Mme Brown: Si une institution financière est propriétaire d'une maison de courtage en assurance IARD et indique à ses clients que cet assureur se trouve tout près, le consommateur doit savoir -- je veux dire s'il s'agit d'une société indépendante d'assurance IARD -- que la banque, qui peut aussi être propriétaire d'une société d'assurance ou avoir une préférence pour une société d'assurance, n'influencera pas le courtier indépendant pour qu'il vende un certain produit au lieu de celui qui répond le mieux aux besoins du consommateur. Voilà le problème fondamental, selon nous. Si une institution financière ou une société d'assurance veut avoir son réseau de distribution, elle devrait avoir un agent exclusif. Autrement dit, elle devrait retenir les services d'un agent, comme Allstate le fait, et lui faire exploiter le réseau. Le public saura que cette personne n'est pas un courtier indépendant en assurance IARD, mais un agent qui vend les produits d'une société donnée. Les consommateurs sauraient ce qu'ils achètent, et ils sauraient que certaines options ne leur sont pas offertes.

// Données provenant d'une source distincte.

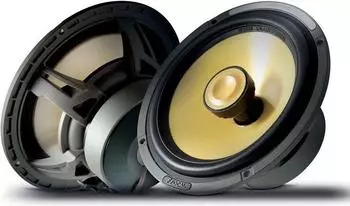 Focal EC 165 K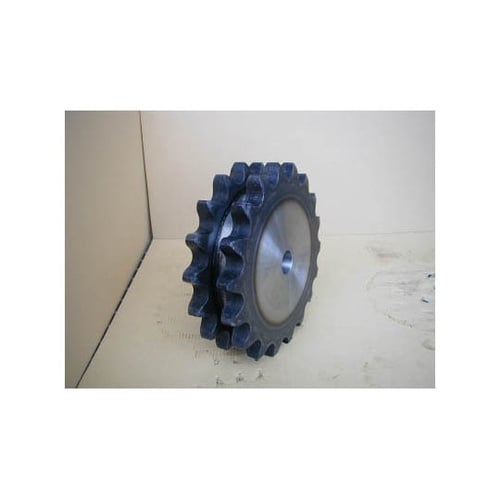 HG1002A22H歯先硬化スプロケット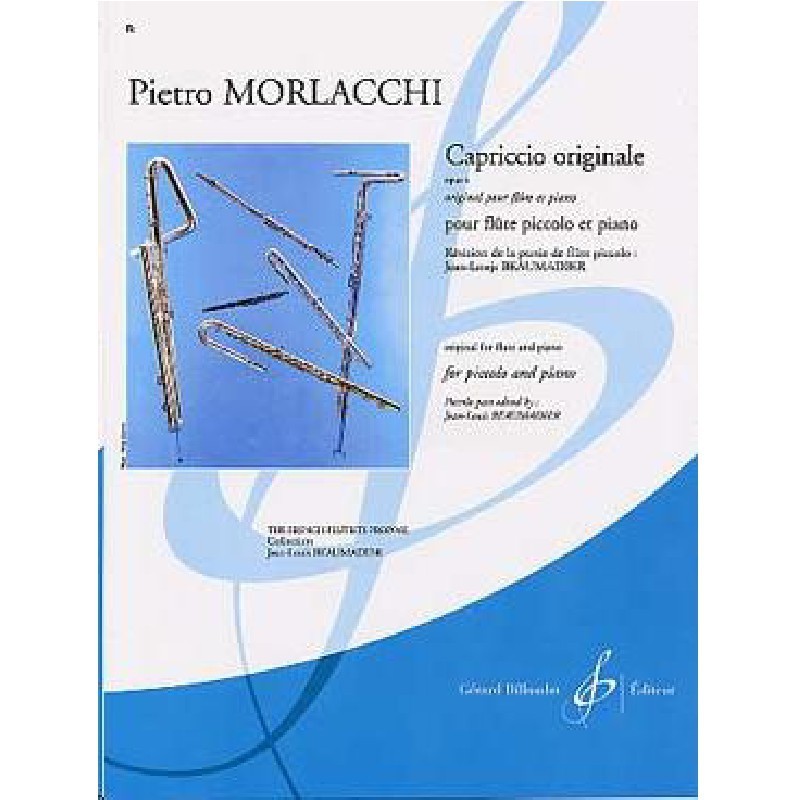 capriccio-originale-op4-morlacchi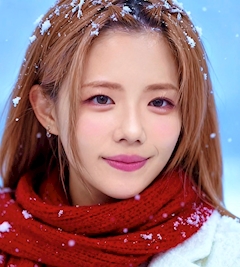 プロフィール写真2・ひさ｜BUZZ LIP・バズリップ - 豊田のガールズバー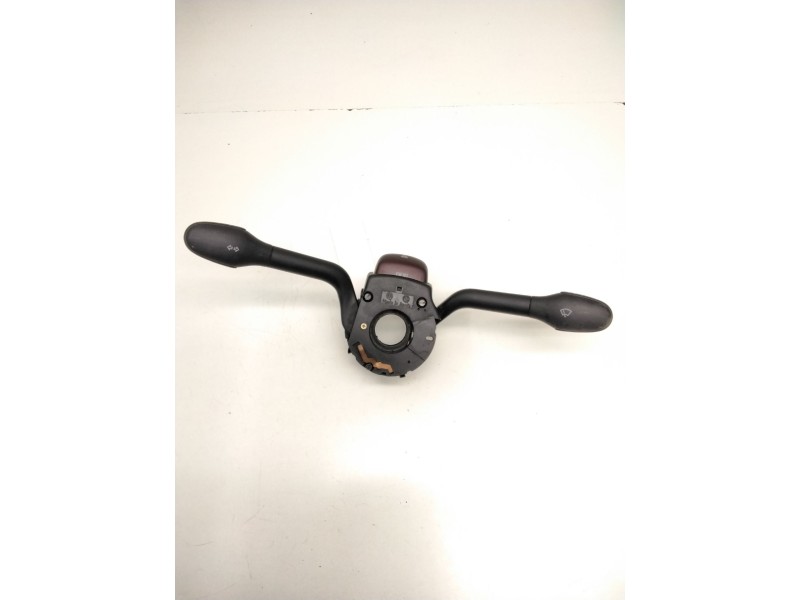 Recambio de mando luces para volkswagen golf iii berlina (1h1) referencia OEM IAM 1H6953503AA 357905851D VWLK101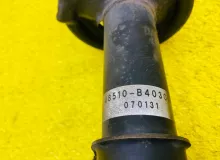 СТОЙКА ПАРА ЛЕВАЯ И ПРАВАЯ DAIHATSU BEGO 2007/Цвет S28 48510B4010 J210G 3SZVE, передняя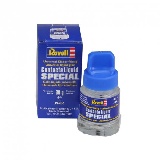 Revell RE39606 Contacta Liquid Special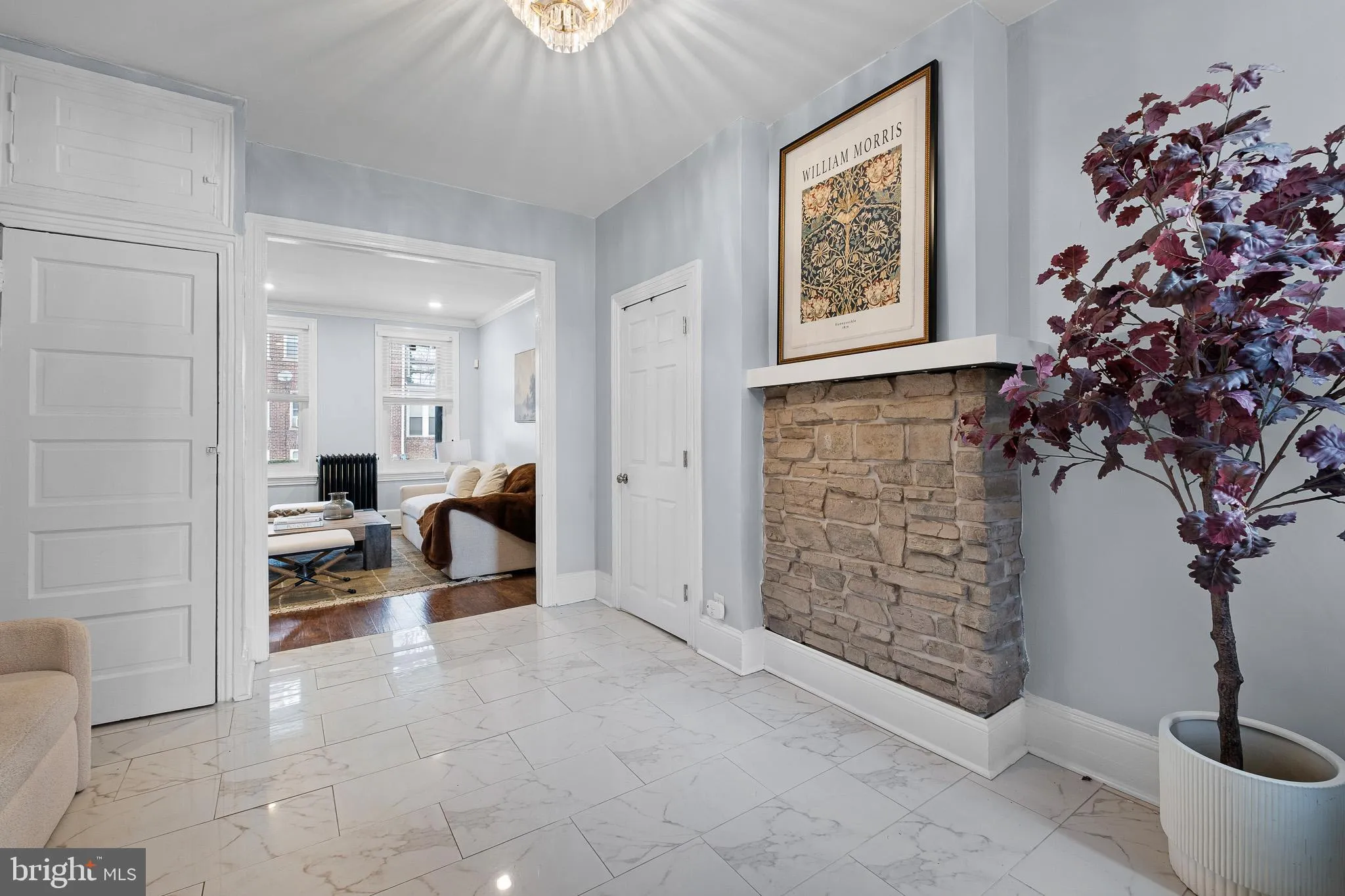 Additional image 36 of 1204 W 8th Street, Wilmington, DE 19806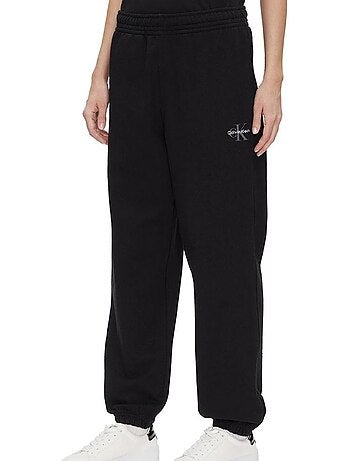 Pantalones de Chándal Calvin Klein Jeans para Mujer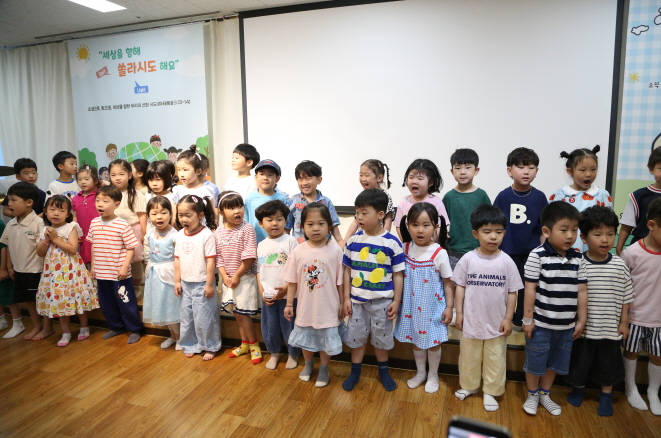 [꾸미기]IMG_2931.JPG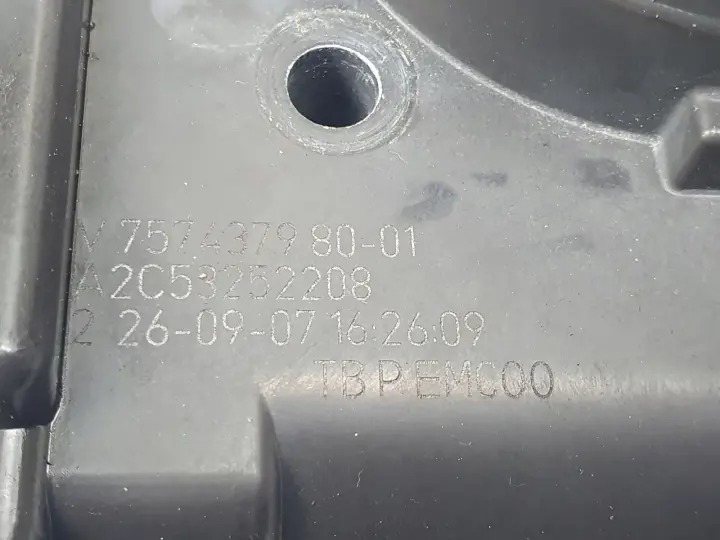 d3a74ca55c295f0391d5f123f435de99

Le sénateur Meighen: Si une maison appartient à une autre institution, je présume qu'elle ne peut pas se dire «indépendante».
Mme Brown: Exact. Le courtier ne doit pas être considéré comme indépendant si sa maison appartient au fabricant du produit.
Le président: Merci d'avoir comparu aujourd'hui. Nous vous savons gré d'avoir eu l'obligeance de le faire. Et merci de votre mémoire.
La séance est ajournée jusqu'à 14 heures.